══ Supplied entries
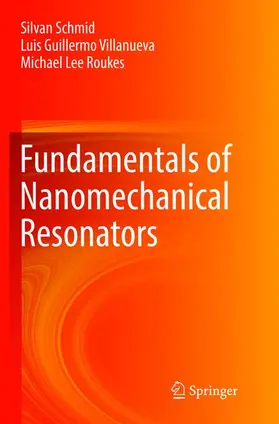 Schmid / Villanueva / Roukes |  Fundamentals of Nanomechanical Resonators | Buch |  Sack Fachmedien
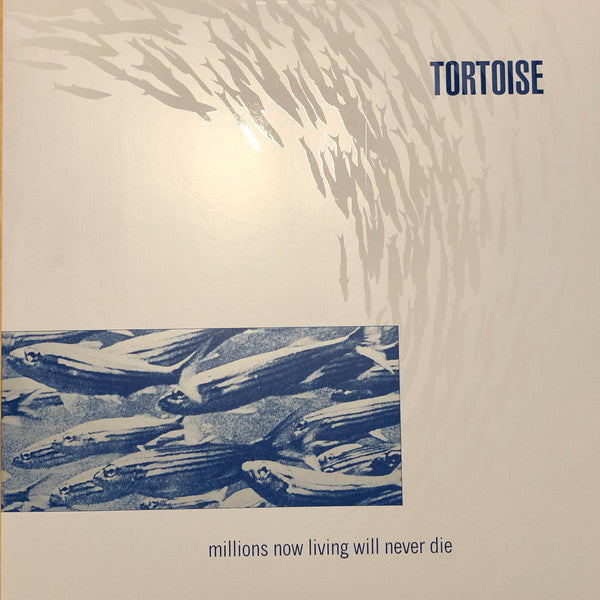 Tortoise ‎/ Millions Now Living Will Never Die - LP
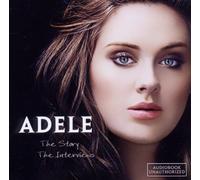 Adele - Story: the Interviews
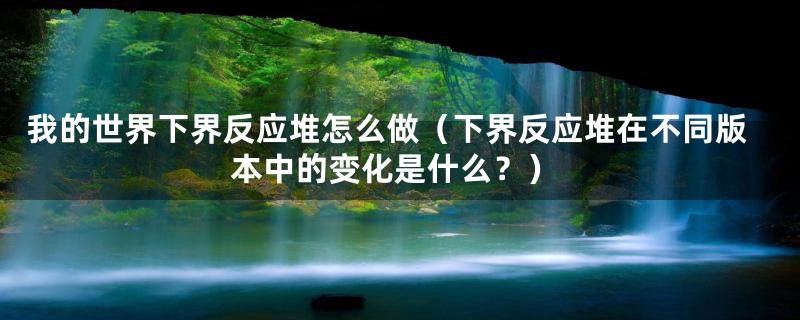 我的世界下界反应堆怎么做（下界反应堆在不同版本中的变化是什么？）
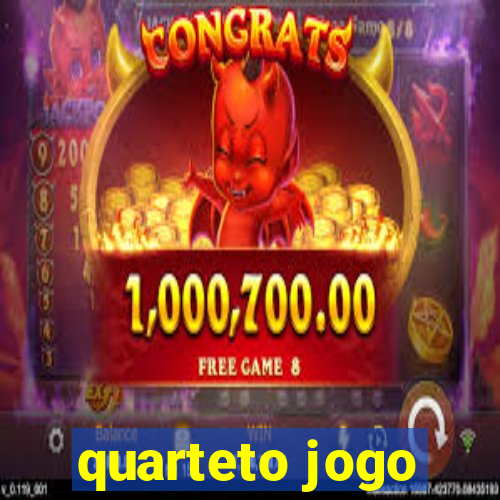 quarteto jogo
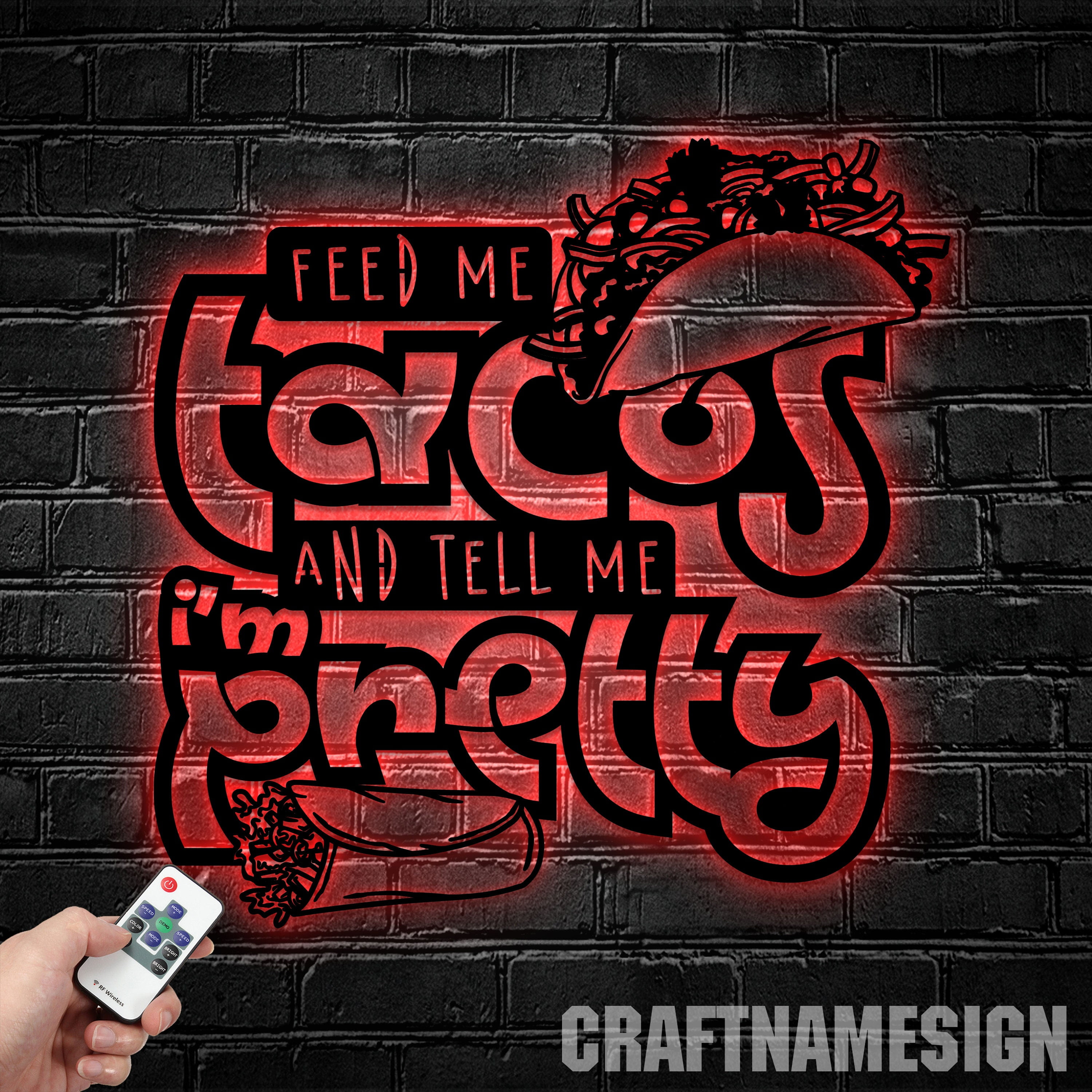 Craftnamesign Feed Me Tacos and Tell Me I'm Pretty Metal Sign, Tacos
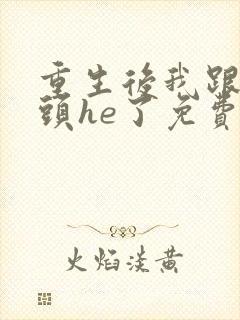 重生后我跟死对头he了免费阅读全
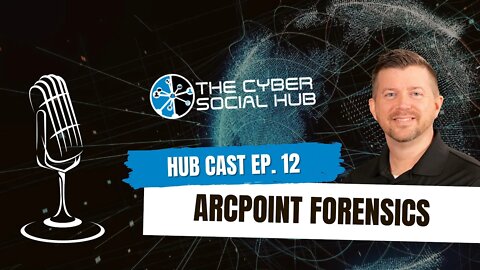 HubCast Ep. 12 | ArcPoint Forensics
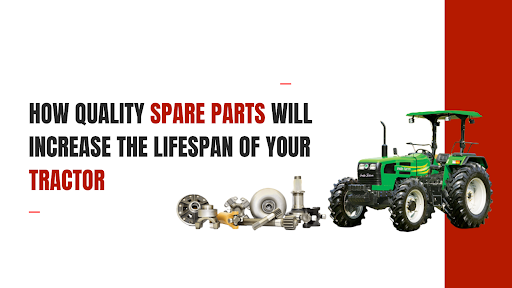 Quality Spare Parts To Increase the Lifespan of Your Tractor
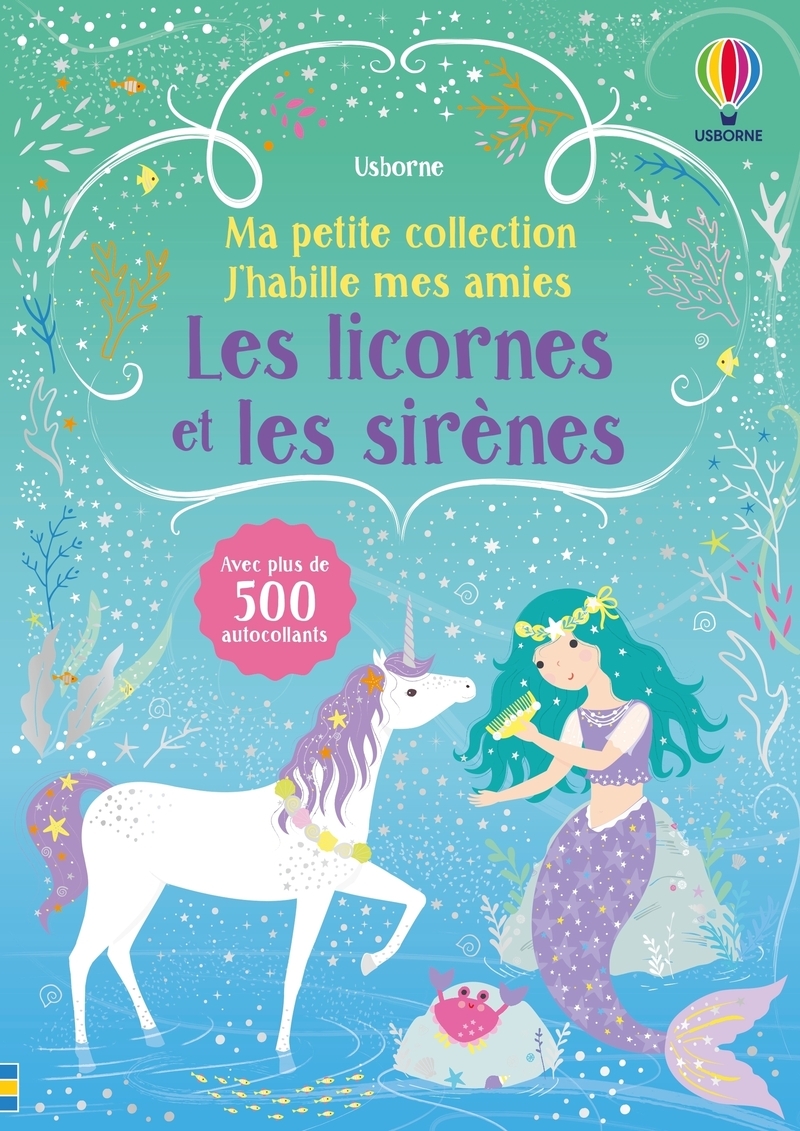 Les licornes et les sirènes - Ma petite collection J'habille mes amies - volume double - dès 3 ans - Fiona Watt - USBORNE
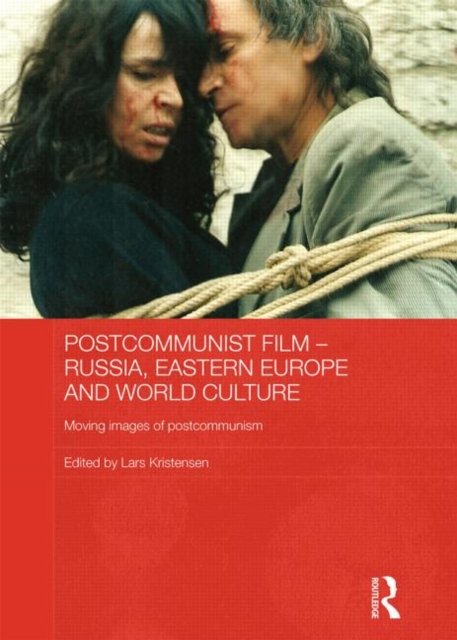 Postcommunist Film-Russia Eastern Europe And World Culture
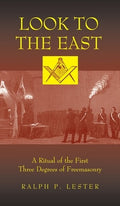 Look to the East: A Ritual of the First Three Degrees of Freemasonry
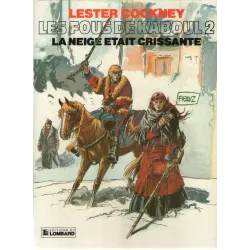 1-lester-cockney-2-les-fous-de-kaboul-2-la-neige-etait-crissante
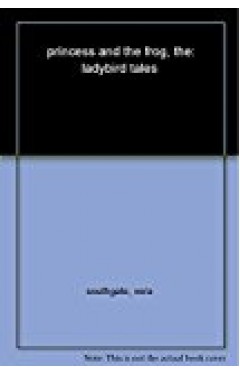 Ladybird Tales: The Princess And The Frog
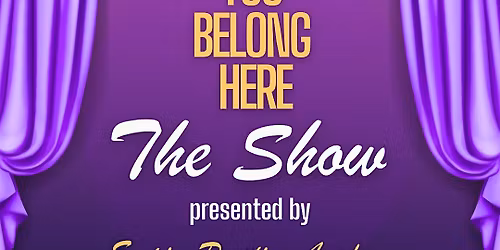 You Belong Here - The Show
════
## Problem description
The answer should consist only of the lines above from the one with "我的世界下界反应堆怎么做（下界反应堆在不同版本中的变化是什么？）" through the one with "Quality Spare Parts", repeated exactly, with no pictures among them.

## Response
 我的世界下界反应堆怎么做（下界反应堆在不同版本中的变化是什么？）
 quarteto jogo
 Craftnamesign Feed Me Tacos and Tell Me I'm Pretty Metal Sign, Tacos
 重生后我跟死对头he了免费阅读全
 HubCast Ep. 12 | ArcPoint Forensics
 Quality Spare Parts To Increase the Lifespan of Your Tractor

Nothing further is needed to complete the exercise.